Oddly, though, I could not amaze my audiences, let alone entertain them, with my masterful Classic Pass and other knuckle-busting sleights. Then one day I chanced upon a street performer who performed “props” magic. He thoroughly entertained passersby—so thoroughly that even people on errands stopped and watched his show unmindful that they were running late for their respective appointments.
I once stumbled upon this street magician in college, while I was on my way to catch my classes. The precursor of the modern-day street magician, he opened my eyes to the more difficult aspect of magic—-the one that is meant to entertain the audience.
He was a snake-oil salesman who sold his wares on the street of Cebu City when I was still in college. He used magic tricks to gather people around in a busy street corner. Once he had a large throng, he began pitching his medicines to them.

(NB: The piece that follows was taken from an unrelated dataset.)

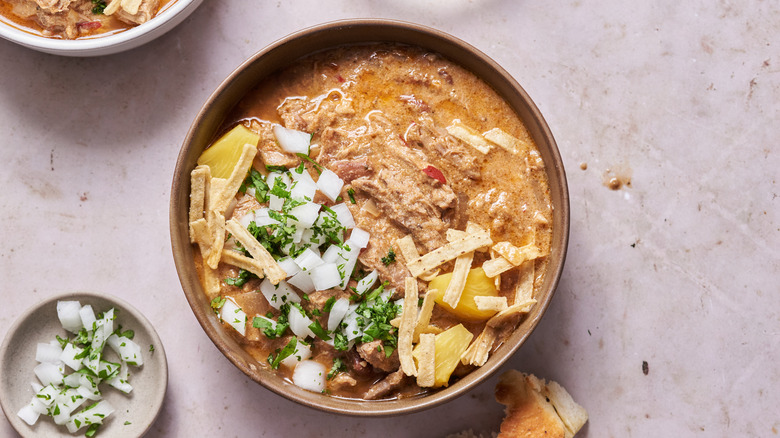 A bowl of pork taco chili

He did a simple trick. He broke an egg into a pan and turned the egg into a chick.
You guessed it. He used a chick pan to accomplish the trick.
It was not a difficult feat of magic. Many magicians in the Philippines, enamored by their sleight-of-hand skills, would sneer at the method. However, for laymen, what the street magician-cum-medicine man did was a miracle. For me, who was already a student of magic for many years at that time, the performance was a laboratory example of how magic should be performed—it should be amazing, interesting, and entertaining.

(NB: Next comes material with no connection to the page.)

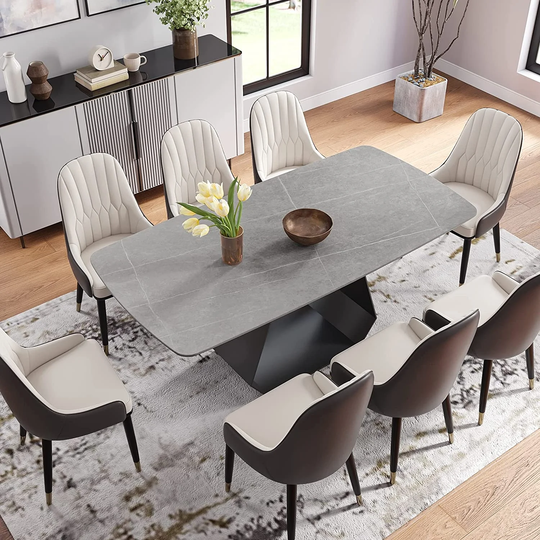 71" Sintered Stone Dining Table for 6-8, Modern Gray Kitchen Table with Carbon Steel Base - 70.86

As far as I could remember, this is how the performance transpired: the street magician gathered the people on the street by breaking an egg into a tiny pan and announcing he was going to turn the egg into a chick. Yes, he told his audience in advance what was going to happen—and he told them repeatedly throughout the performance. He gave them a running reminder that in a little while he was going to open the cover of the pan and by then the egg would have become a chick.

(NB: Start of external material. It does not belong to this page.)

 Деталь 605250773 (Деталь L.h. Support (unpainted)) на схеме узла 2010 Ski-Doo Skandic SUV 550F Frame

Everybody stayed and held their places where they stood. I was among the curious onlookers. There were about a hundred of us. We were all passersby on the way to our respective destinations. But this street magician stopped us for over an hour with a trick with a chick pan.
Once he had gathered enough people, the magician then launched into his sales pitch. He talked glowingly of his medicine. He claimed it cured all kinds of sickness and warded off black magic, voodoo, and even accidents. Every now and then, he would peek under the cover of the chick pan to check how the egg was doing. People by the dozens bought his medicine—I think partly to encourage him to get over his sales pitch and do the trick. Everyone wanted to see if he could really turn the egg into a chick.
For one-hour-and-a-half, we stood on that street, waiting for the street magician to resolve the trick. How did I know it took him that long to end the trick? Well, I was late for one-and-half of my classes that day.
The images of that performance stay in my mind to this day. To me, what the street magician did was a study in minimalism. Yet, he thoroughly engaged his audience with one trick for one-and-a-half hours.
I don’t know of any magician, not even David Copperfield or other demigods of magic, who can hold the attention of an audience for one-a-half hours with just one trick. Not to mention with a self-working trick.
That street magician was a master showman, who broke a rule in performing magic, namely, the one that proscribes telling the audience in advance what is about to happen.